Avec ses 650 députés, dont une large majorité d'hommes, Westminster serait-il devenu un endroit dangereux pour les jeunes et les femmes? Pour Dawn Butler, référente sur les questions de femmes et d'égalité au Parti travailliste, principal parti d'opposition, "le problème des abus envers les femmes et du harcèlement sexuel ne se limite pas à ceux qui font des avances non désirées aux femmes". "Il s'étend à une culture qui a toléré ou minimisé les abus trop longtemps", écrit-elle dans une lettre à la Première ministre Theresa May.

- "Attitude de dinosaure" -

"Une culture dégradante existe et prospère dans les coulisses du pouvoir", a également dénoncé le chef du Parti travailliste, Jeremy Corbyn. Son parti n'est d'ailleurs pas épargné, la plus grave accusation venant d'une militante, Bex Bailey, qui dit avoir été violée en 2011 lors d'un événement organisé par le parti. La militante, 19 ans à l'époque, a expliqué qu'on l'avait découragé de porter plainte, lui assurant que cela ruinerait sa carrière.

Face à la multiplication des accusations, une prise de conscience semble en train de s'opérer. Le ministre du Commerce international, Mark Garnier, qui a reconnu avoir affublé sa secrétaire d'un surnom à caractère sexuel et lui avoir demandé d'acheter des sextoys, a reconnu que ses actions pouvaient être vues comme une "attitude de dinosaure".

Accusé de minimiser les agressions sexuelles, Michael Gove, le ministre de l'Environnement, a lui présenté ses excuses pour une blague douteuse. Entrer dans le studio de BBC Radio 4, "c'est comme entrer dans la chambre à coucher de Harvey Weinstein -on espère émerger avec sa dignité intacte", avait-il déclaré. Certains soulèvent la question de la consommation d'alcool au Parlement, qui abrite plusieurs bars et restaurants.

Un stagiaire du Parlement, James Greenhalgh a raconté à la BBC qu'un député "puant l'alcool" avait posé son bras sur lui à l'extérieur d'un bar de la Chambre des Communes. "Son bras a soudain glissé vers mes fesses (...) et est allé un peu plus loin entre mes jambes", a-t-il décrit, expliquant s'être senti "violé". "Les frontières floues travail/social/alcool n'aident pas. Westminster est un lieu de travail", a tweeté la députée conservatrice Nadine Dorries qui demande la fermeture de ces bars.

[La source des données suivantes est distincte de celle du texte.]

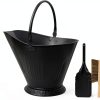 Ash Bucket Poofzy 3.2 Gallon Metal Round Ash Bucket with Lid Black-0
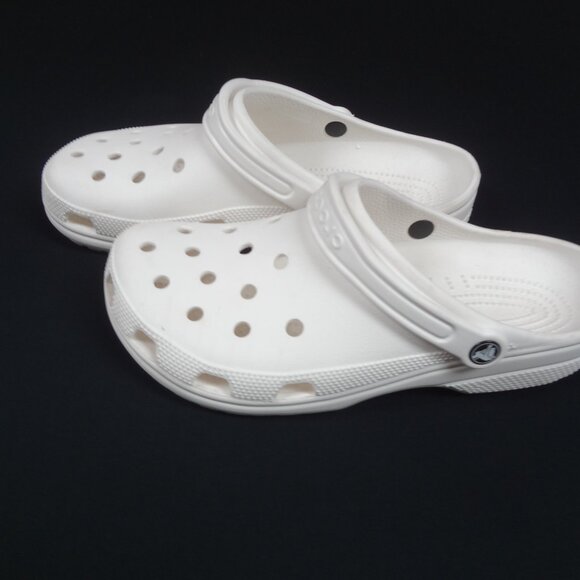 CROCS SLIP ON CLOGS MENS SIZE 11 WHITE SANDALS SHOES - Picture 3 of 7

D'autres, comme la cheffe des conservateurs écossais, Ruth Davidson, soulignent les rapports de "pouvoir" entre de jeunes diplômés et des députés seniors, capables de faire ou défaire leur carrière. "Le barrage a cédé maintenant et ces professions dominées par les hommes, où la culture des vestiaires de garçons prévalait et tout le monde riait bien, doit maintenant cesser", a-t-elle déclaré. "Profondément préoccupée", Theresa May réunira lundi les chefs de partis politiques pour discuter du harcèlement sexuel à Westminster.